Proliferation of Goals
Greater access to automation and artificial intelligence will also increase the number of attack vectors, because so many different actors will have so much access to potentially destructive tools. Some talk about this using the language of “goals” – for instance, in a Harvard Business Review piece, Roman V. Yampolskiy cites Bostrom's “orthogonality thesis” to talk about how an artificial intelligence system can “have any combination of intelligence and goals.” Bostrom’s thesis holds that, despite their intelligence, AI entities will not have a converging focus or nature, but instead, will diversify. This, then, points to the idea that there will be considerable “chaos” around AI handling as AI progresses.
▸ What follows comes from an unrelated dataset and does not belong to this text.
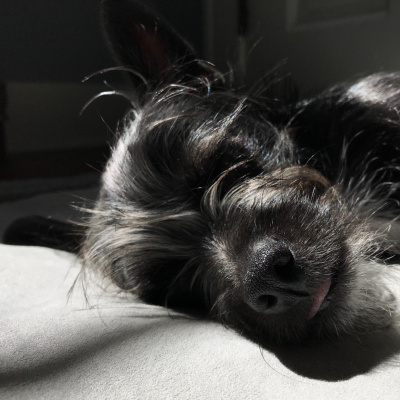 Manic Rambling Spiral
Remarking that goals can be introduced through initial design or later, this author acknowledges the rise of new “U-hack-it” or “make your own cyberattack” systems, for example, ransomware as a service: the idea that hackers can simply download RaaS systems and perform their own ransomware attacks is certainly a scary one. That’s part of what it means to look at the “proliferation of goals” – in other words, a proliferation of opportunities and cyberattack scenarios that never existed before.
The AI “Arms Race”
In a very real sense, the emergence of artificial intelligence is going to be a race between hackers on one hand, and security professionals on the other. Just like prior technologies, for example, as with the power of codebase programming, one side will be looking to invade, and the other side will be looking to repel.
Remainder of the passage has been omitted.